Eventually, the Bridlington resistance snapped, and although Malton missed their first kick at goal, they soon had another chance.
Malton’s forwards made good progress into the Bridlington half, and a strong attack by their backs down the right wing was halted by a pass ruled forward.
Aggressive Bridlington defence, with a huge tackle by Jimmy Thompson, forced a knock on, on the halfway line. A big push at the resulting scrum, and a Bridlington foul, gave the visitors a second chance at goal and full back Zweli Sodladla calmly slotted home.
Immediately after the restart, some very slick passing gave Malton an ominously easy try.
Malton fielded the ball cleanly and quickly got things in motion from their own 22 metre area.
Good handling between Sodladla, Vus Dyantjies and Ben Woodhouse bamboozled the home defence and took them to the home 10-metre line where Woodhouse handed on to fly-half Nick Daley who opened his legs to touch down under the posts.
Sodladla converted and Malton had some breathing space.
At this stage Malton were looking the better of the two sides, dominant in the scrums and dangerous when their backs had the ball.
Bridlington had spent a lot of time defending in their own half, with no clear chances of scoring.
However, an opportunity for points for the home side came when a long clearing kick by Malton went dead, giving Bridlington a scrum back on the visitors’ 22.
This led to a penalty to Bridlington and a successful kick by Jack Arthur narrowed the deficit to 3-10.
There were no more scores No more scores in the first half, but Bridlington started the second half with a flourish.
Their best attack of the game, came immediately after the restart, with the Bridlington backs showing something of the form of previous games.
Several attackers linked up superbly to give Jamie Martin a well worked try in the corner, converted by Arthur to even the score at 10-10.

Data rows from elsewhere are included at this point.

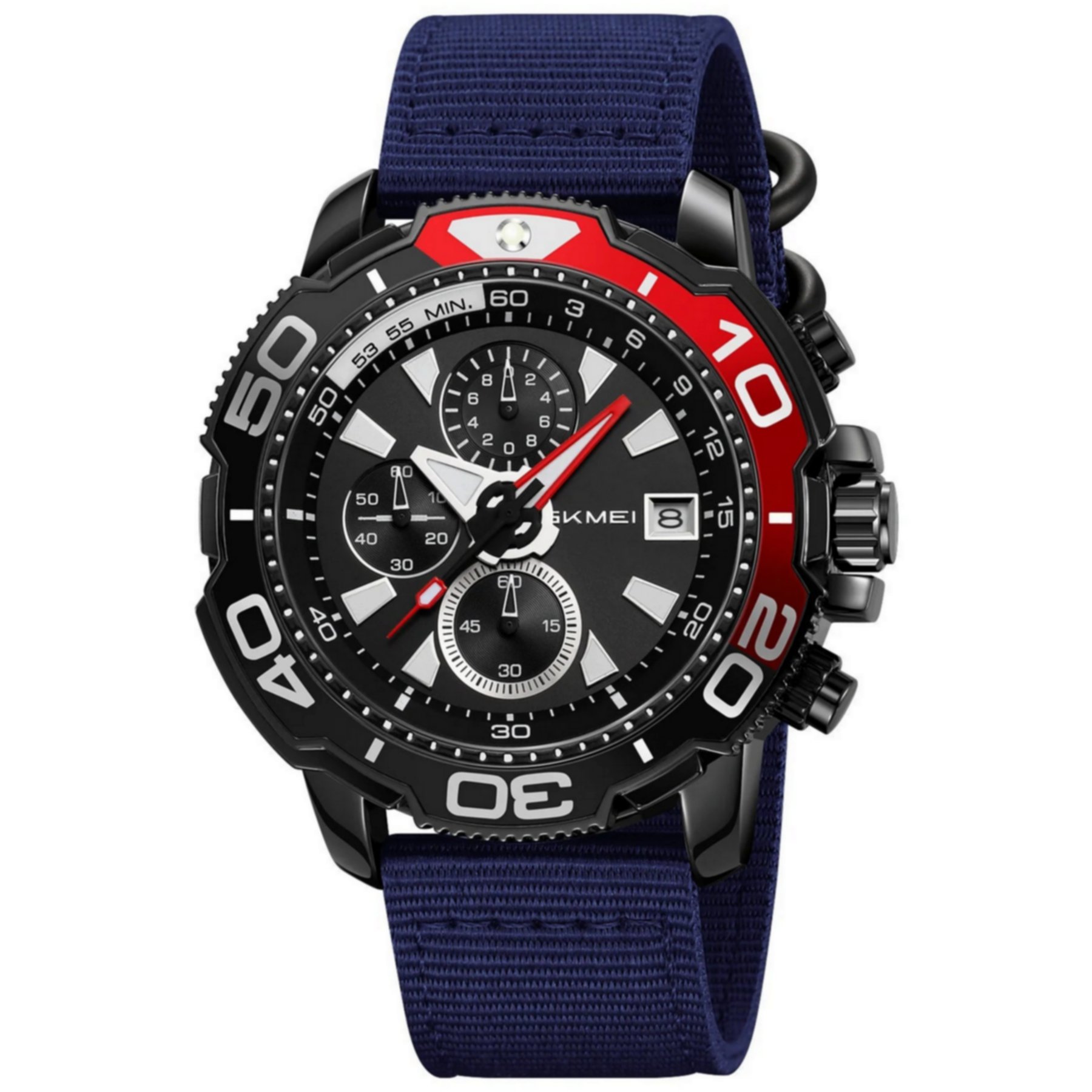 Relogio esportivo masculino pulseira de nylon 30m a prova dagua multifuncional
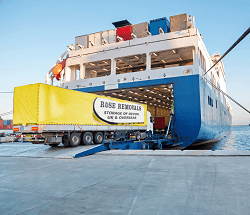 removals van entering the ship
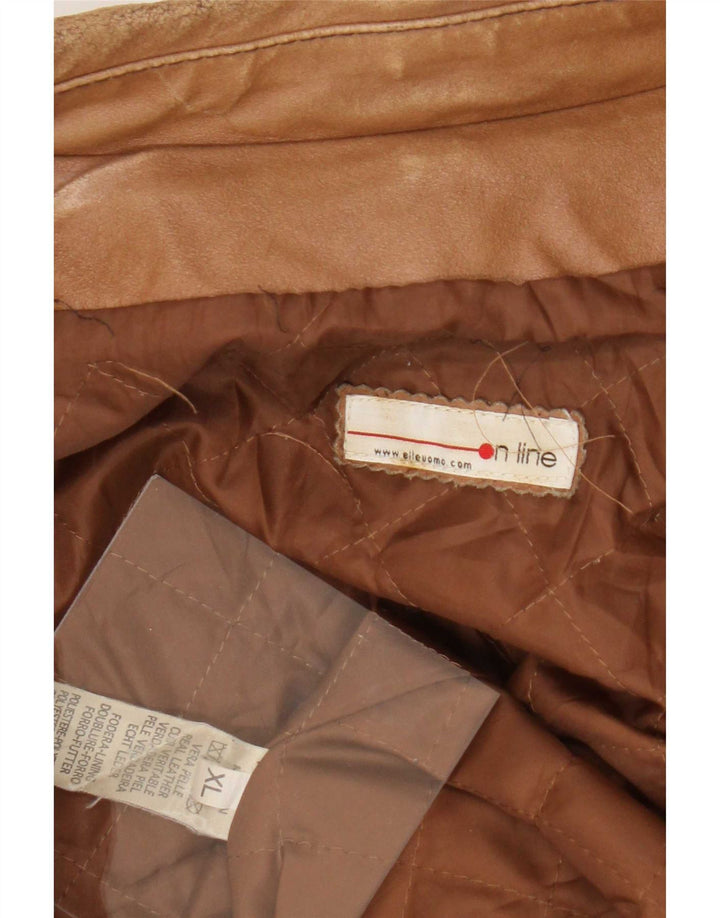 Vintage læderjakke til kvinder UK 18 XL Beige
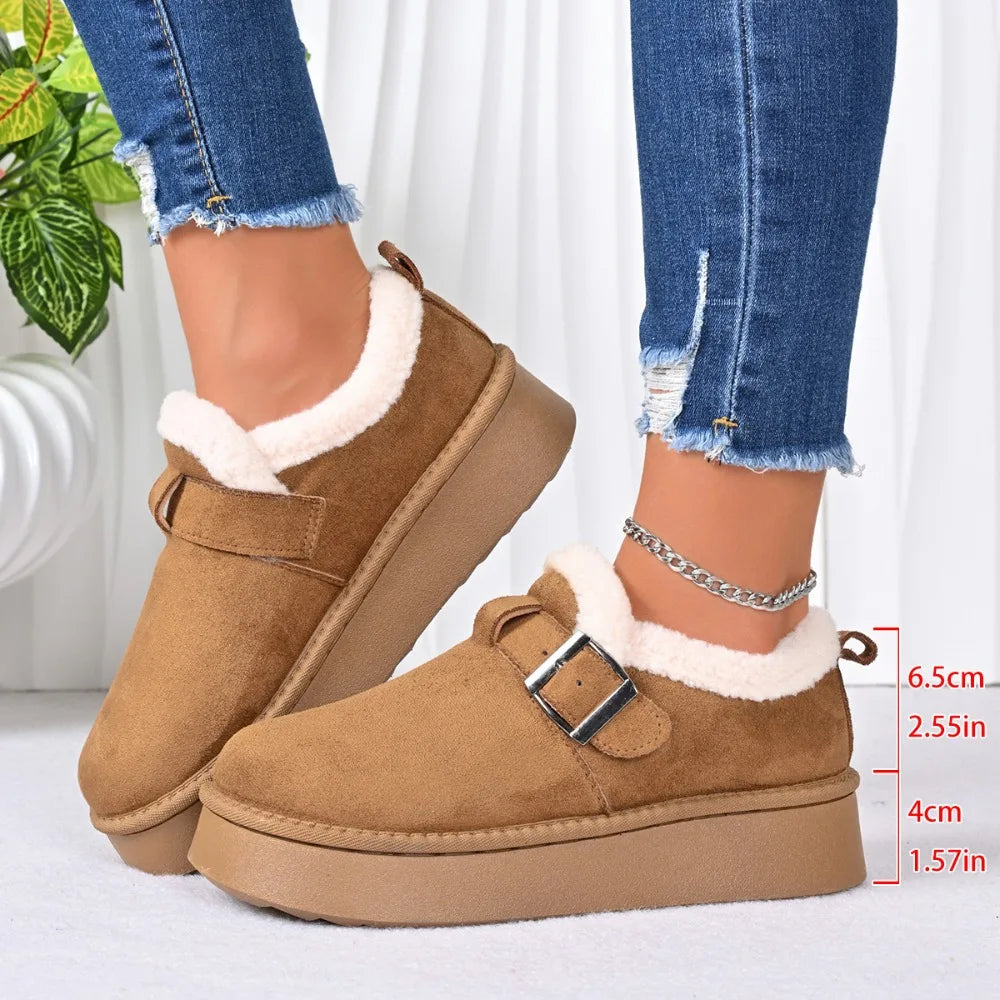 2026 Winter Fleece Lined Soft Bottom Retro Slip on Bean Bean Anti Slip Warm Cotton Snow Boots Thin Sole Comfortable Flat Shoes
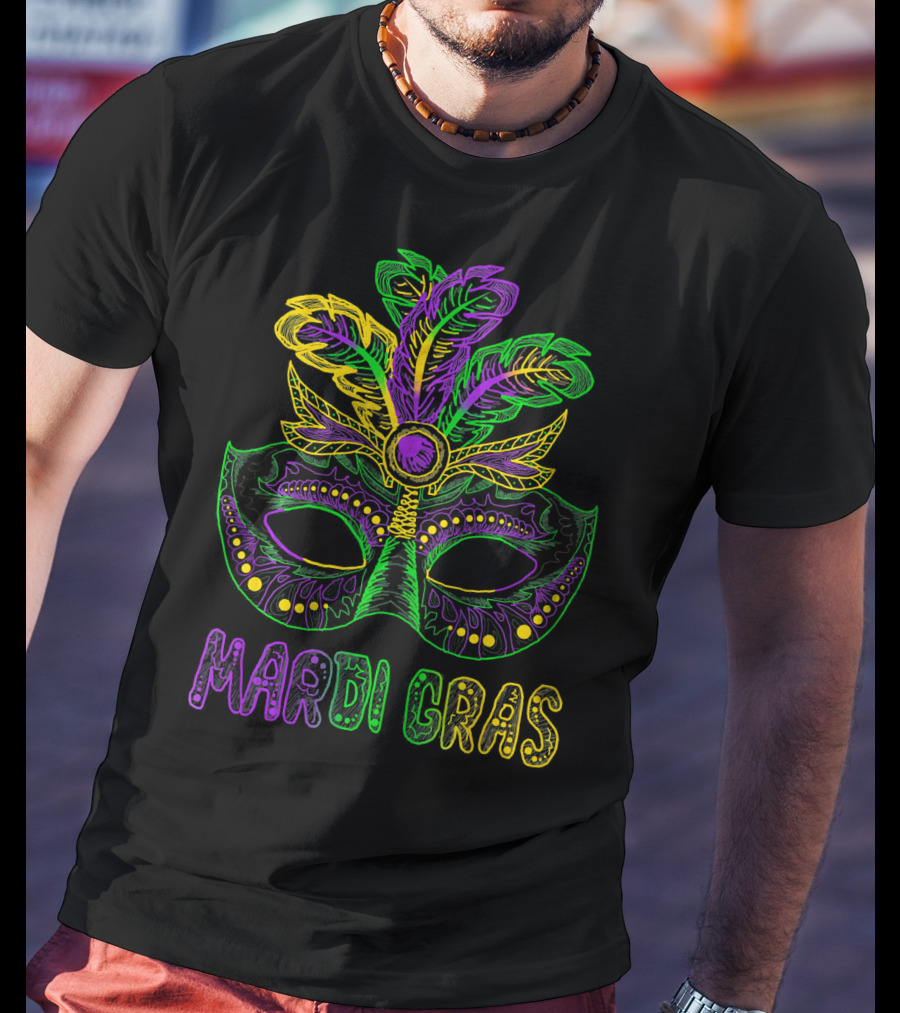 Mardi Gras Mask With Colorful Feather T-Shirt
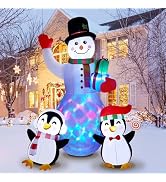 LUNSY 8FT Outdoor Inflatable Christmas Snowman Penguin Xmas Blow Up Decor with LED Lights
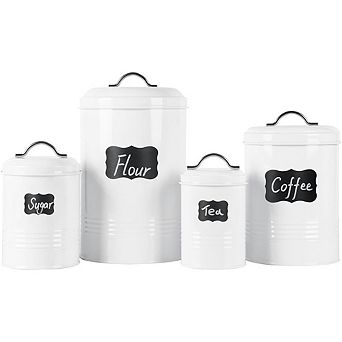 Airtight Farmhouse Kitchen Canister Set with Labels, Food Storage Jars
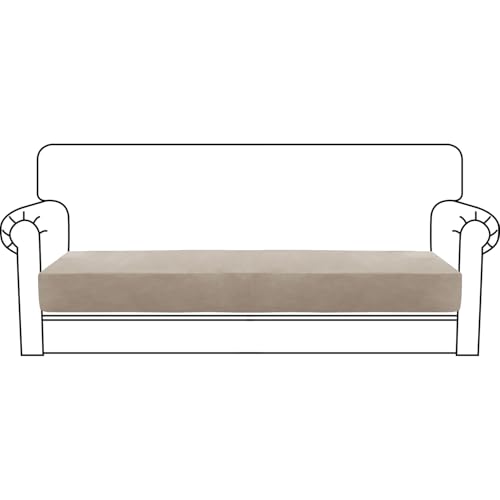 CHELZEN Samt Sofa Sitzkissenbezug, Hochelastischer Sitzbezug, Stretch Sofasitzbezug Schonbezug Schutz Sofabezug L-förmiger Ecksofas für Wohnzimmer (3 Sitzer, Khaki) von CHELZEN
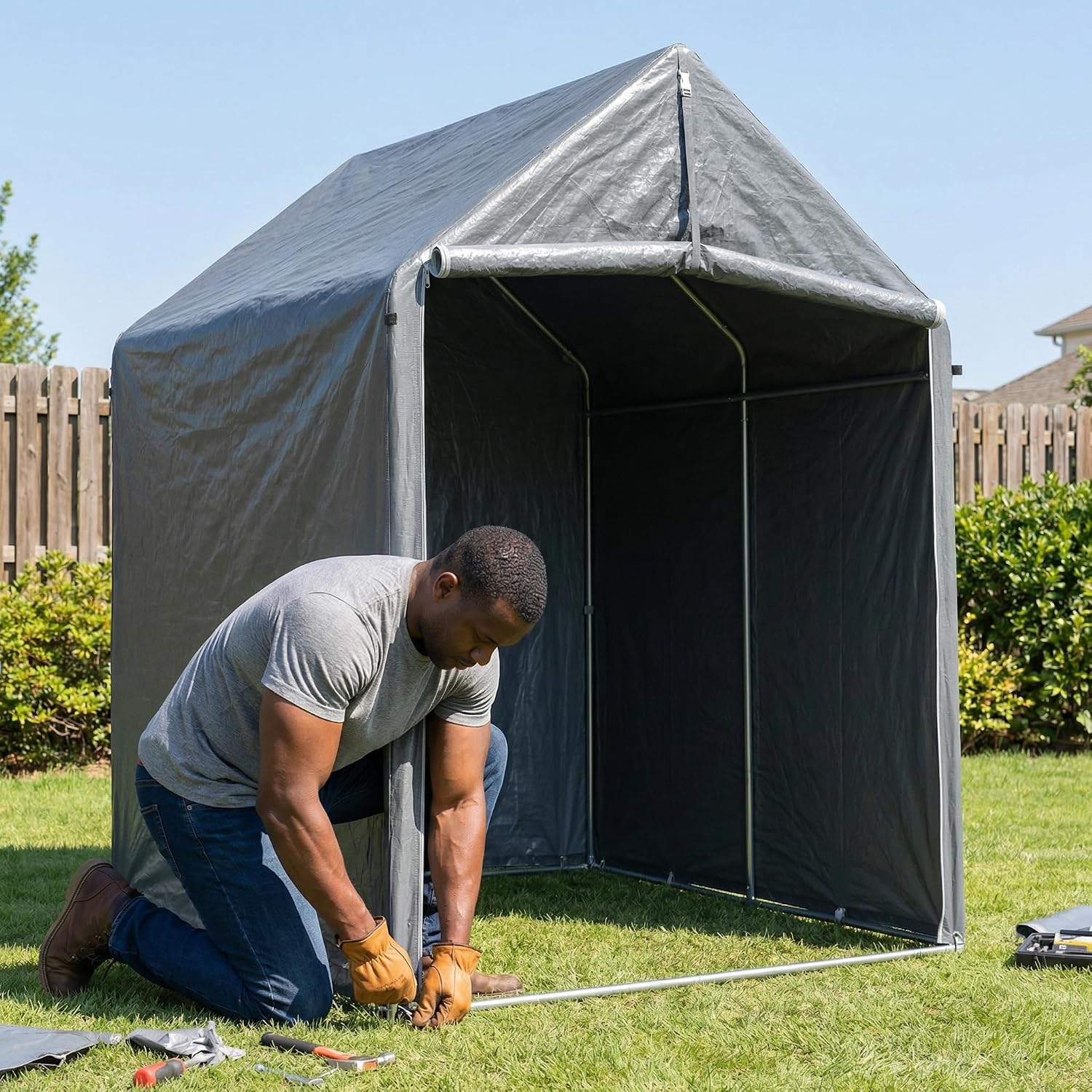 HOTEAGLE Sheds & Outdoor Storage, 3/4 inch Thick Support Rods & Bolted Frame (Not Socket), Rolled Up Doors and Ventilation Window, Portable Garage 6 x 4 ft
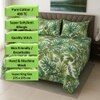 Bryn Green Floral 400 TC Cotton Flat Super King Size Bedsheet with 2 Pillow Covers – Threads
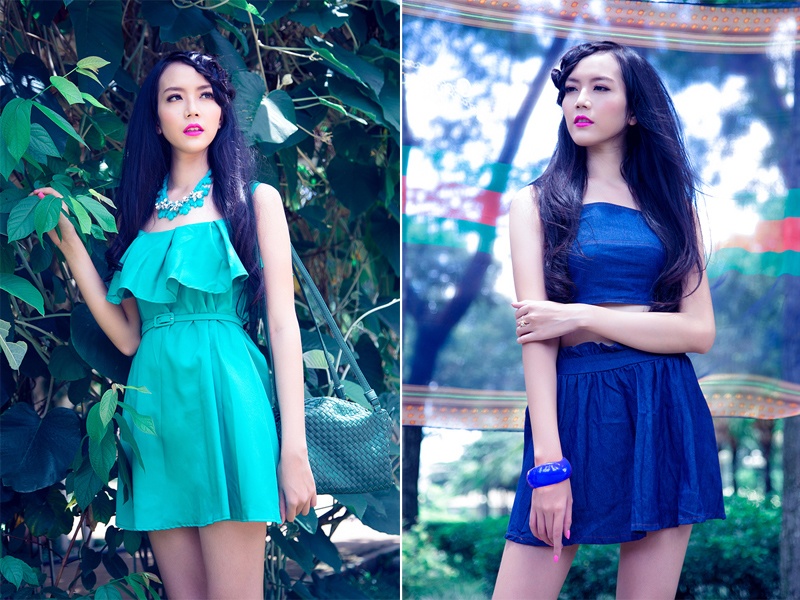 Ngoc Quy an tuong giua mua thu voi style tong xanh hinh anh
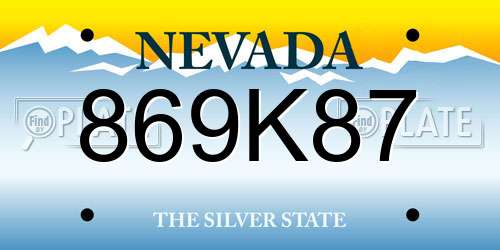 869K87 Nevada License Plate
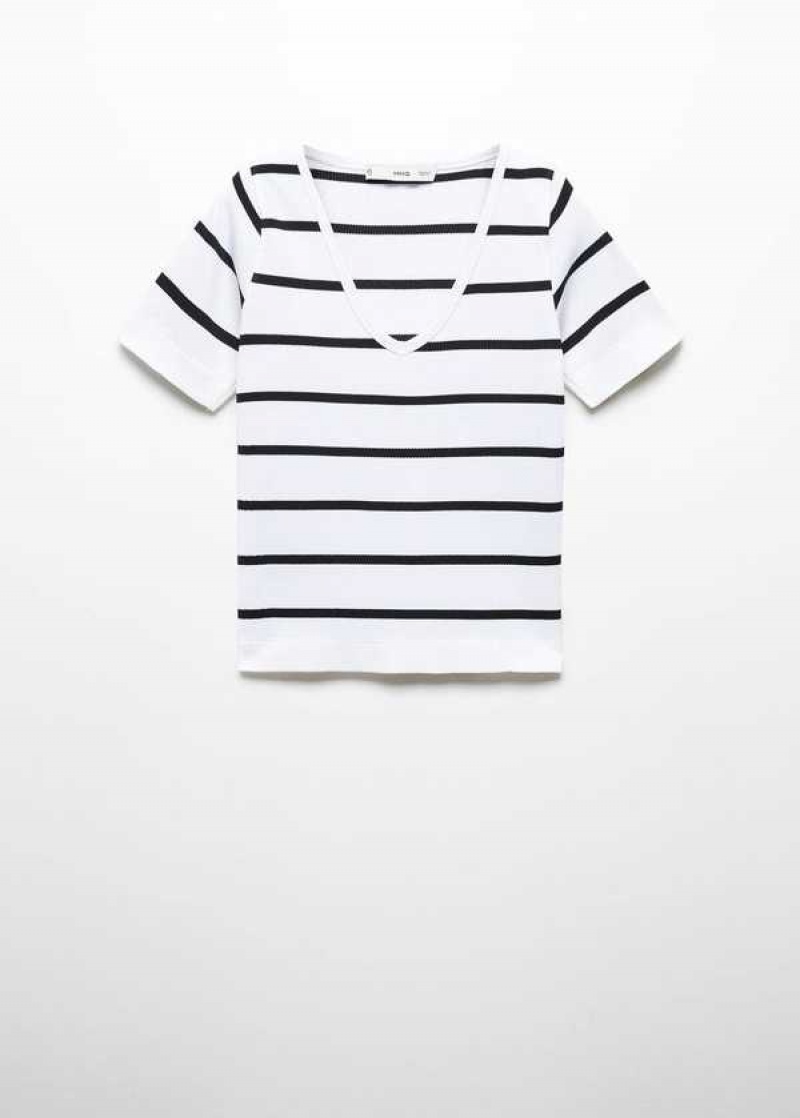 Mango V-neck Pruhovaný T-shirt | MNG-24982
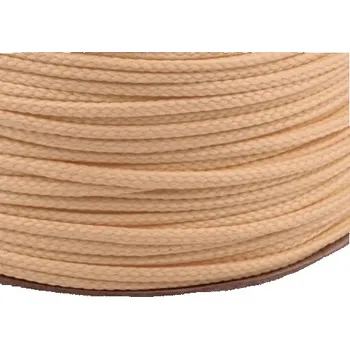 Horolezectví Oděvní šňůra, provaz polyesterový 4mm, béžová - vanilková, metráž
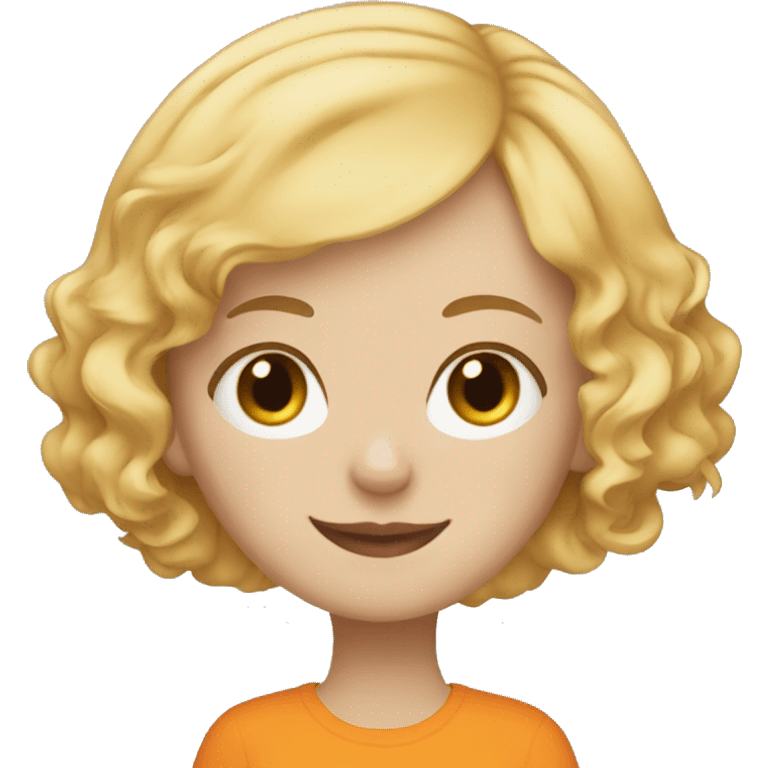 Short blonde hair girl with orange cat emoji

Two minutes later Brid took the lead. Malton were penalised for using their hands in a ruck and the penalty sailed between the posts to the delight of the home supporters.
Malton had to regroup.
As the second half continued, the match was more even, with neither side really dominating.
Some of the collisions were as bone-crunching as anyone could hope for, but Bridlington gave away too many penalties, interrupting the flow of their attack, and eventually they offered Malton a kick from in front of the posts for Sodladla to level the scores at 13-13.
Much of the play was in centre field as both sides battled for supremacy.
On the half-hour a good drive into the heart of the home defence and supported by the Malton forward produced another penalty and Sodladla duly obliged with a successful kick.
A further penalty to Malton, struck wide, gave Bridlington some hope.
A superb kick, after a penalty, gave Bridlington a lineout five metres from the opposition line in the dying seconds of the game.
Malton disrupted the throw and held the surge before making 10 yards to gain a line-out of their own, and the chance was gone as the final whistle blew.
In retrospect, Bridlington perhaps kicked possession away too much, and this, plus indiscipline that they seemed to have overcome this season, were too much against a strong side.